[PROVIDED RECORDS Boundary: Start]
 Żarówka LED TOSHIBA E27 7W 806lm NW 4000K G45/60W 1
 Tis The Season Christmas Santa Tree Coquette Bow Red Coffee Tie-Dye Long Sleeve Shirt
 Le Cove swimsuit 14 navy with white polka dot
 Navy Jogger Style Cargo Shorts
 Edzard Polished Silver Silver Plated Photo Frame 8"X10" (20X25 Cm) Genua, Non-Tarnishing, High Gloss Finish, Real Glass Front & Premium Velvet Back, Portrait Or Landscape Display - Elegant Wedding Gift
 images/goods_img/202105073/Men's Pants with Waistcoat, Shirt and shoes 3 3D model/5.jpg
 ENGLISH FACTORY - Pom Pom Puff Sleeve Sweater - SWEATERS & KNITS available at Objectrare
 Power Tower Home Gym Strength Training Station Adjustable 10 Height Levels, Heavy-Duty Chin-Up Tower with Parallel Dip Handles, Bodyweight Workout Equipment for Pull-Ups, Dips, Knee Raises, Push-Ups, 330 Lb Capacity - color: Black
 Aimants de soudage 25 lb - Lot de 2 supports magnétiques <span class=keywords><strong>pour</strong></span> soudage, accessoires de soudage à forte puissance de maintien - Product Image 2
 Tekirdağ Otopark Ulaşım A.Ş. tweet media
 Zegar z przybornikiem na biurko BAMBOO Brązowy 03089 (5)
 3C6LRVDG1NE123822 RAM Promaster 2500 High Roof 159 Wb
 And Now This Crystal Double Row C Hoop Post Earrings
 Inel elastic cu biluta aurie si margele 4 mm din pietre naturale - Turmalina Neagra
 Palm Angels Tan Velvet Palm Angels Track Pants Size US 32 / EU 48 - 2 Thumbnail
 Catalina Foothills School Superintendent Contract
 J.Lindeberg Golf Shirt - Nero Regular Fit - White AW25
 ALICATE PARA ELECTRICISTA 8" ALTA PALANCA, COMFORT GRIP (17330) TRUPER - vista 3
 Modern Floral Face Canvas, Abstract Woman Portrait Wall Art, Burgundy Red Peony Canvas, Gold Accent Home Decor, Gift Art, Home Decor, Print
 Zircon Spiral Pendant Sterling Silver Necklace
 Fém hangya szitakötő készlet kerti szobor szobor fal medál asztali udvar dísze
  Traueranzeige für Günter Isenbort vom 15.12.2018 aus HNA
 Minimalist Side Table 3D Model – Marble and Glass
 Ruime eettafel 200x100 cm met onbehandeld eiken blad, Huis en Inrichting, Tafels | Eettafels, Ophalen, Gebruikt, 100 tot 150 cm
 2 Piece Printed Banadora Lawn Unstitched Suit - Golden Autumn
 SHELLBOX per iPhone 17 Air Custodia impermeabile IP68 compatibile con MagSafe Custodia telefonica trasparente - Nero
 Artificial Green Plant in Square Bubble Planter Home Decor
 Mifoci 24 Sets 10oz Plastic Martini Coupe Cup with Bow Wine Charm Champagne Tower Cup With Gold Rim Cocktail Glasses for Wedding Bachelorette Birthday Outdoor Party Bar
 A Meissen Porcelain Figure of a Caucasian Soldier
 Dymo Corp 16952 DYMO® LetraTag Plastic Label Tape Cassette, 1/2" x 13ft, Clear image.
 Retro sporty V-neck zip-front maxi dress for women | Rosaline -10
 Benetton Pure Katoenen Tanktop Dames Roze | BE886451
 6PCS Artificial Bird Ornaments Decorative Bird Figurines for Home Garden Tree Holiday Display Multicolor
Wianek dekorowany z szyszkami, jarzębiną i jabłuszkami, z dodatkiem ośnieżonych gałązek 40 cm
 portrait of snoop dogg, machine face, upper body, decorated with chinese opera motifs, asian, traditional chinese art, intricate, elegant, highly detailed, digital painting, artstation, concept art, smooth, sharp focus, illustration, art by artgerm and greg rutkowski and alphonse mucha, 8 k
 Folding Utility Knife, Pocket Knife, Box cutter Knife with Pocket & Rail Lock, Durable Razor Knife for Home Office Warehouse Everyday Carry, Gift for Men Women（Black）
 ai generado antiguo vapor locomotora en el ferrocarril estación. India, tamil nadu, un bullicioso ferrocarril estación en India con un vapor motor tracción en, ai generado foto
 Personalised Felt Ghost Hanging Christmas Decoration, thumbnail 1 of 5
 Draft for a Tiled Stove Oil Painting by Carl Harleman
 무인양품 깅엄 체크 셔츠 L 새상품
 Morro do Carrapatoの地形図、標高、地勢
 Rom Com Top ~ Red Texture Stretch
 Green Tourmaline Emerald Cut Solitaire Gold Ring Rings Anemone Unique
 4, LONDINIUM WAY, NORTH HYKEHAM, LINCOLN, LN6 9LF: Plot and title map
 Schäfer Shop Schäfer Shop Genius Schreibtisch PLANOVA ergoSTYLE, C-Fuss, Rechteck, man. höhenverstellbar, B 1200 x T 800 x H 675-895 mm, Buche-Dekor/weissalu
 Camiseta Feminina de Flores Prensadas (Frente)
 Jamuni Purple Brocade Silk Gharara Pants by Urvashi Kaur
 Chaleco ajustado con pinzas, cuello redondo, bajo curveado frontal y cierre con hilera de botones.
[PROVIDED RECORDS Boundary: End]
WHAT YOU ARE ASKED TO DO:
Give back all the data exactly as written.

ANSWER TO THIS PROBLEM:
 Żarówka LED TOSHIBA E27 7W 806lm NW 4000K G45/60W 1
 Tis The Season Christmas Santa Tree Coquette Bow Red Coffee Tie-Dye Long Sleeve Shirt
 Le Cove swimsuit 14 navy with white polka dot
 Navy Jogger Style Cargo Shorts
 Edzard Polished Silver Silver Plated Photo Frame 8"X10" (20X25 Cm) Genua, Non-Tarnishing, High Gloss Finish, Real Glass Front & Premium Velvet Back, Portrait Or Landscape Display - Elegant Wedding Gift
 images/goods_img/202105073/Men's Pants with Waistcoat, Shirt and shoes 3 3D model/5.jpg
 ENGLISH FACTORY - Pom Pom Puff Sleeve Sweater - SWEATERS & KNITS available at Objectrare
 Power Tower Home Gym Strength Training Station Adjustable 10 Height Levels, Heavy-Duty Chin-Up Tower with Parallel Dip Handles, Bodyweight Workout Equipment for Pull-Ups, Dips, Knee Raises, Push-Ups, 330 Lb Capacity - color: Black
 Aimants de soudage 25 lb - Lot de 2 supports magnétiques <span class=keywords><strong>pour</strong></span> soudage, accessoires de soudage à forte puissance de maintien - Product Image 2
 Tekirdağ Otopark Ulaşım A.Ş. tweet media
 Zegar z przybornikiem na biurko BAMBOO Brązowy 03089 (5)
 3C6LRVDG1NE123822 RAM Promaster 2500 High Roof 159 Wb
 And Now This Crystal Double Row C Hoop Post Earrings
 Inel elastic cu biluta aurie si margele 4 mm din pietre naturale - Turmalina Neagra
 Palm Angels Tan Velvet Palm Angels Track Pants Size US 32 / EU 48 - 2 Thumbnail
 Catalina Foothills School Superintendent Contract
 J.Lindeberg Golf Shirt - Nero Regular Fit - White AW25
 ALICATE PARA ELECTRICISTA 8" ALTA PALANCA, COMFORT GRIP (17330) TRUPER - vista 3
 Modern Floral Face Canvas, Abstract Woman Portrait Wall Art, Burgundy Red Peony Canvas, Gold Accent Home Decor, Gift Art, Home Decor, Print
 Zircon Spiral Pendant Sterling Silver Necklace
 Fém hangya szitakötő készlet kerti szobor szobor fal medál asztali udvar dísze
  Traueranzeige für Günter Isenbort vom 15.12.2018 aus HNA
 Minimalist Side Table 3D Model – Marble and Glass
 Ruime eettafel 200x100 cm met onbehandeld eiken blad, Huis en Inrichting, Tafels | Eettafels, Ophalen, Gebruikt, 100 tot 150 cm
 2 Piece Printed Banadora Lawn Unstitched Suit - Golden Autumn
 SHELLBOX per iPhone 17 Air Custodia impermeabile IP68 compatibile con MagSafe Custodia telefonica trasparente - Nero
 Artificial Green Plant in Square Bubble Planter Home Decor
 Mifoci 24 Sets 10oz Plastic Martini Coupe Cup with Bow Wine Charm Champagne Tower Cup With Gold Rim Cocktail Glasses for Wedding Bachelorette Birthday Outdoor Party Bar
 A Meissen Porcelain Figure of a Caucasian Soldier
 Dymo Corp 16952 DYMO® LetraTag Plastic Label Tape Cassette, 1/2" x 13ft, Clear image.
 Retro sporty V-neck zip-front maxi dress for women | Rosaline -10
 Benetton Pure Katoenen Tanktop Dames Roze | BE886451
 6PCS Artificial Bird Ornaments Decorative Bird Figurines for Home Garden Tree Holiday Display Multicolor
Wianek dekorowany z szyszkami, jarzębiną i jabłuszkami, z dodatkiem ośnieżonych gałązek 40 cm
 portrait of snoop dogg, machine face, upper body, decorated with chinese opera motifs, asian, traditional chinese art, intricate, elegant, highly detailed, digital painting, artstation, concept art, smooth, sharp focus, illustration, art by artgerm and greg rutkowski and alphonse mucha, 8 k
 Folding Utility Knife, Pocket Knife, Box cutter Knife with Pocket & Rail Lock, Durable Razor Knife for Home Office Warehouse Everyday Carry, Gift for Men Women（Black）
 ai generado antiguo vapor locomotora en el ferrocarril estación. India, tamil nadu, un bullicioso ferrocarril estación en India con un vapor motor tracción en, ai generado foto
 Personalised Felt Ghost Hanging Christmas Decoration, thumbnail 1 of 5
 Draft for a Tiled Stove Oil Painting by Carl Harleman
 무인양품 깅엄 체크 셔츠 L 새상품
 Morro do Carrapatoの地形図、標高、地勢
 Rom Com Top ~ Red Texture Stretch
 Green Tourmaline Emerald Cut Solitaire Gold Ring Rings Anemone Unique
 4, LONDINIUM WAY, NORTH HYKEHAM, LINCOLN, LN6 9LF: Plot and title map
 Schäfer Shop Schäfer Shop Genius Schreibtisch PLANOVA ergoSTYLE, C-Fuss, Rechteck, man. höhenverstellbar, B 1200 x T 800 x H 675-895 mm, Buche-Dekor/weissalu
 Camiseta Feminina de Flores Prensadas (Frente)
 Jamuni Purple Brocade Silk Gharara Pants by Urvashi Kaur
 Chaleco ajustado con pinzas, cuello redondo, bajo curveado frontal y cierre con hilera de botones.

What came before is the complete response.